Work required = Go through the listing below and retype exactly the lines starting at the one with "香菜|北方人最爱的下酒菜,只要端上桌,酒量小的也能喝半斤,好吃不贵" and ending at the one with "Audi TT TTS", skipping pictures.

Data for analysis =

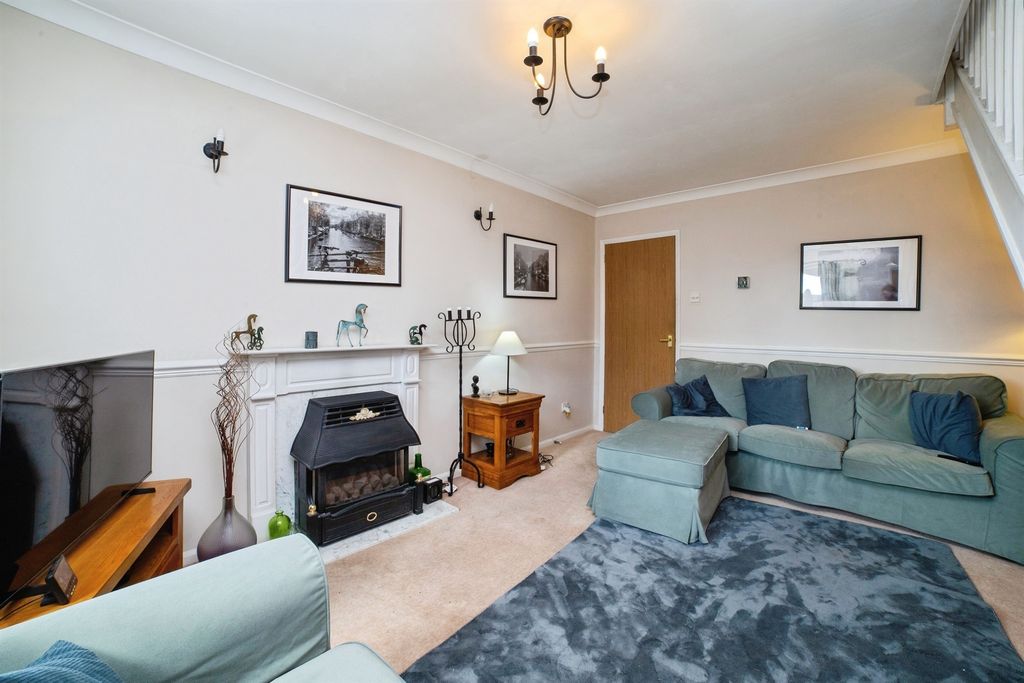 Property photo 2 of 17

--

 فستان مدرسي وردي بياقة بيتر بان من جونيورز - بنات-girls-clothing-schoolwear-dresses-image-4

...

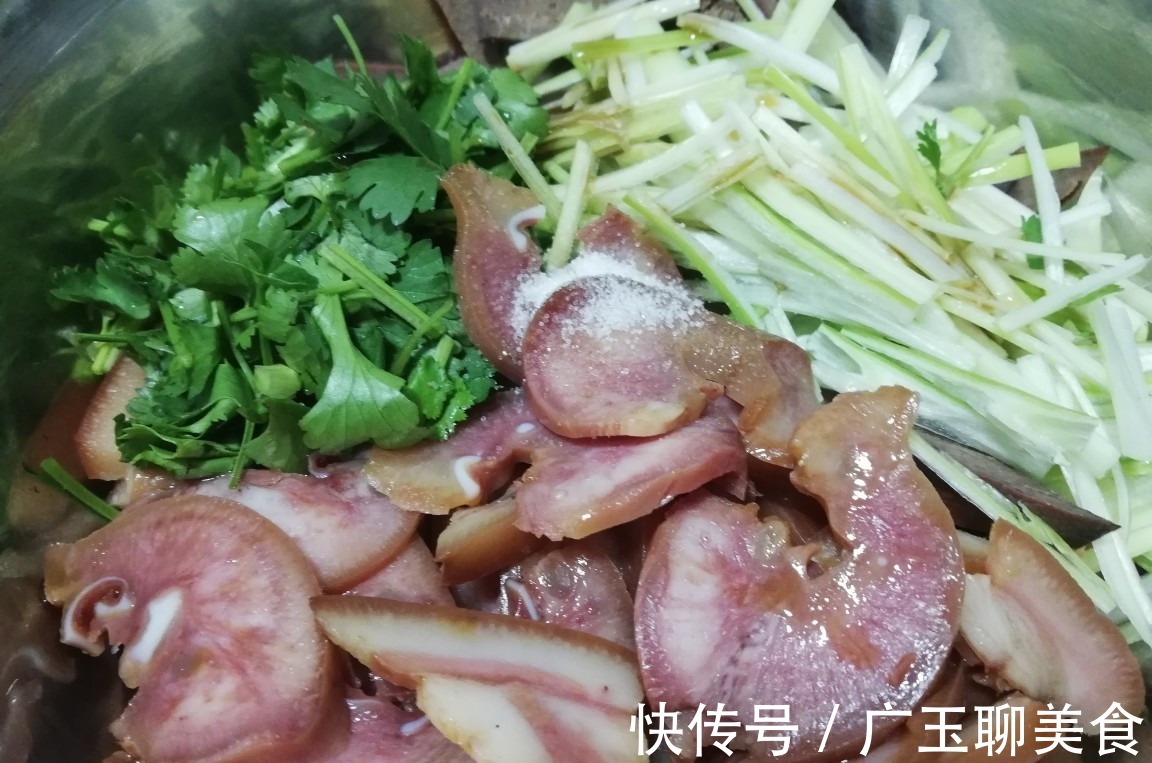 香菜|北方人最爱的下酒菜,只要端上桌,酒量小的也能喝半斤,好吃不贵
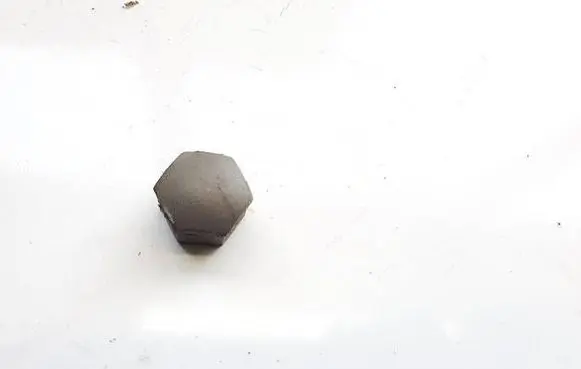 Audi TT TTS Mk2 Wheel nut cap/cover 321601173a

Written response =
 香菜|北方人最爱的下酒菜,只要端上桌,酒量小的也能喝半斤,好吃不贵
 Audi TT TTS Mk2 Wheel nut cap/cover 321601173a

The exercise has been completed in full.